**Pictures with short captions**
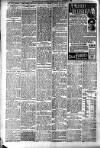 Langport & Somerton Herald Saturday 07 November 1908 Page 6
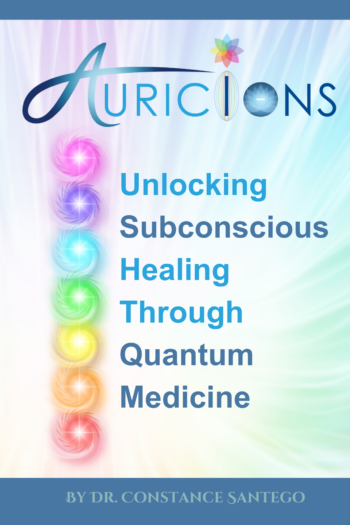 AuricIons  Unlocking Subconscious Healing Through Quantum Medicine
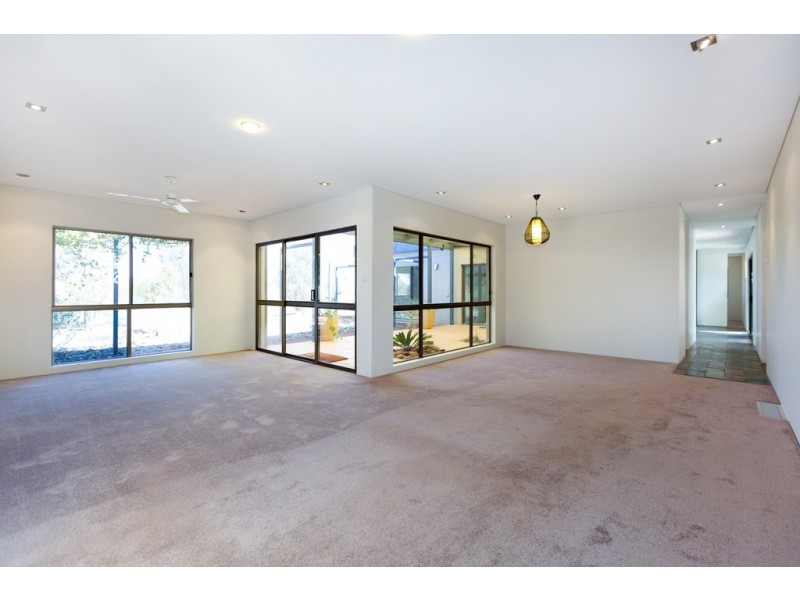 5 Petrick Road, Connellan NT 0870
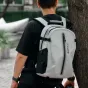 F-Stop Guru 4 AIR - 24 Liter Backpack Male Torso Version Spring Lake With Free ICU A1450 84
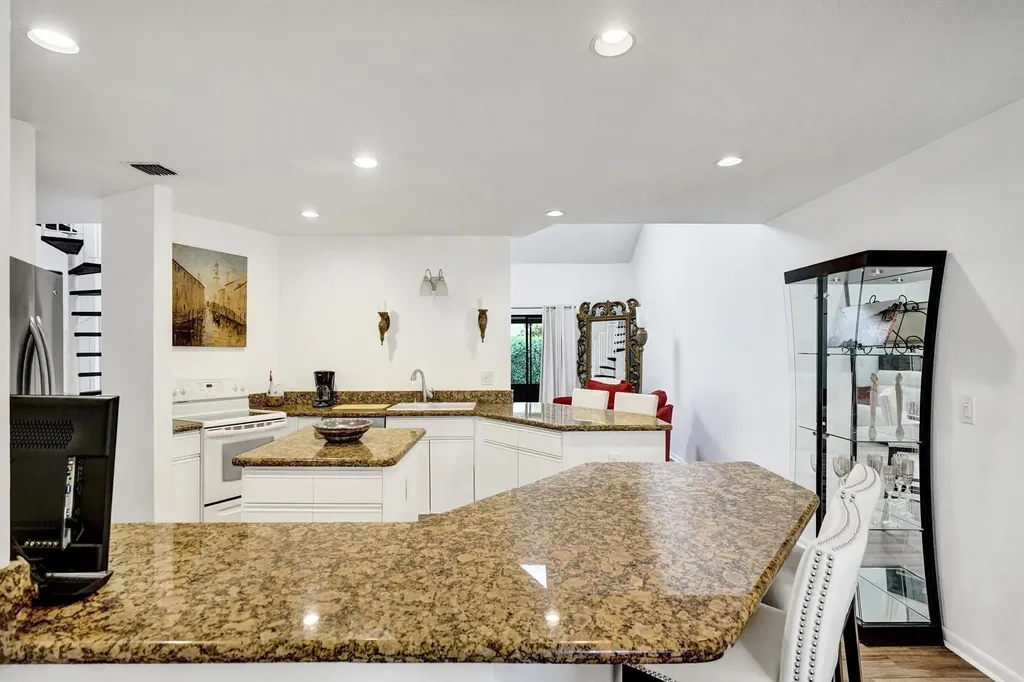 23417 Water Circle Boca Raton FL 33486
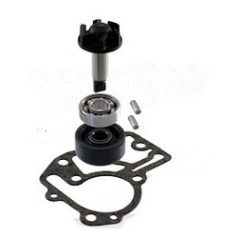 Vízpumpa javító szett YAMAHA NEO'S 50 4T  RMS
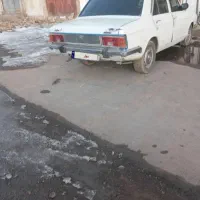 پیکان موتورپژو. به شرط|خودرو سواری و وانت|سلطانیه, |دیوار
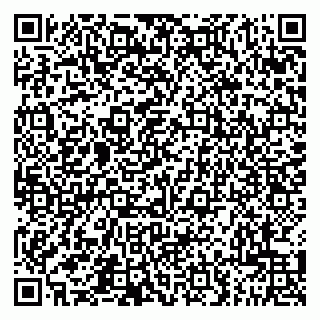 vCard 79201500000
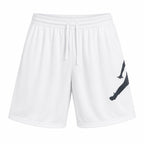 Dri-Fit Basketball Shorts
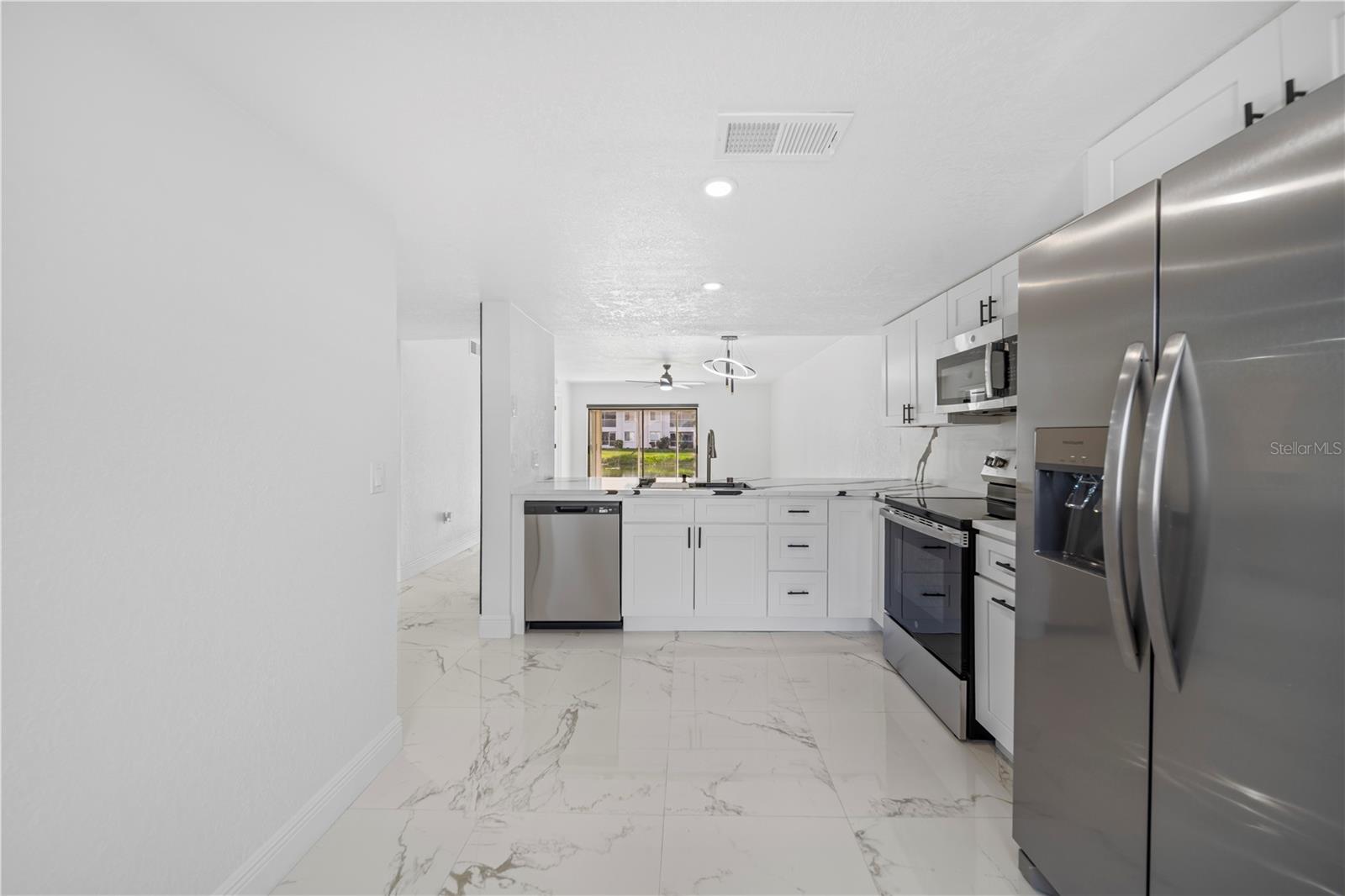 4306 MADEIRA CT #3335, SARASOTA, FL, 34233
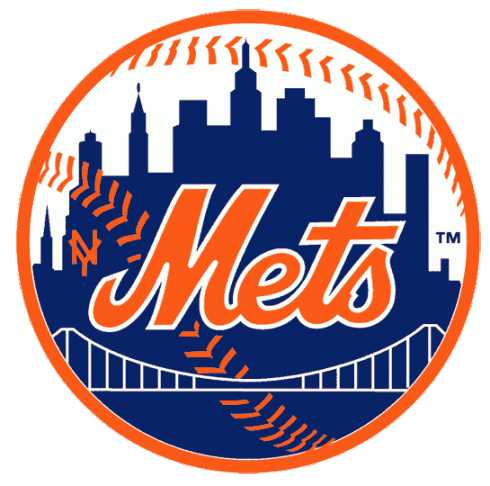 new york mets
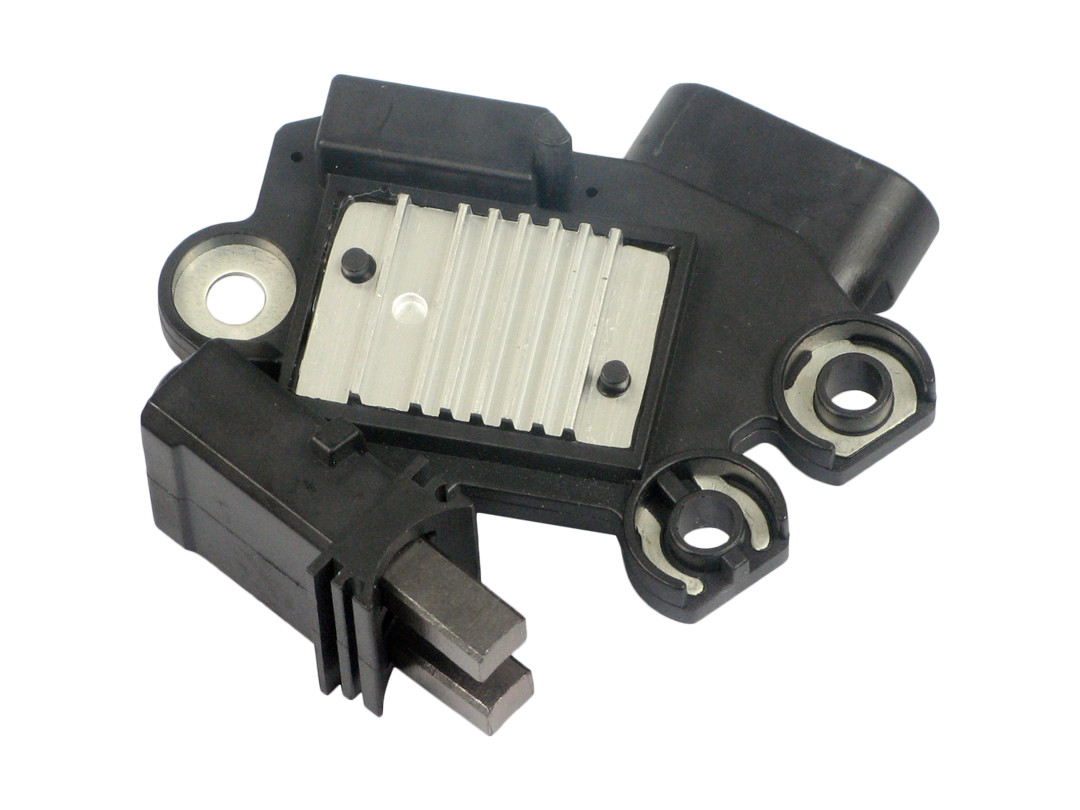 Generatorregler - ARE3083 AS-PL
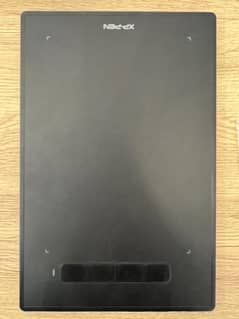 XP-Pen G960S Plus Graphics Tablet - Like New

**WORK INSTRUCTIONS**
Give back, word for word, the lines from the line that contains "F-Stop Guru 4" through the last line of the records, with no pictures and nothing else.

**COMPLETED EXERCISE**
 F-Stop Guru 4 AIR - 24 Liter Backpack Male Torso Version Spring Lake With Free ICU A1450 84
 23417 Water Circle Boca Raton FL 33486
 Vízpumpa javító szett YAMAHA NEO'S 50 4T  RMS
 پیکان موتورپژو. به شرط|خودرو سواری و وانت|سلطانیه, |دیوار
 vCard 79201500000
 Dri-Fit Basketball Shorts
 4306 MADEIRA CT #3335, SARASOTA, FL, 34233
 new york mets
 Generatorregler - ARE3083 AS-PL
 XP-Pen G960S Plus Graphics Tablet - Like New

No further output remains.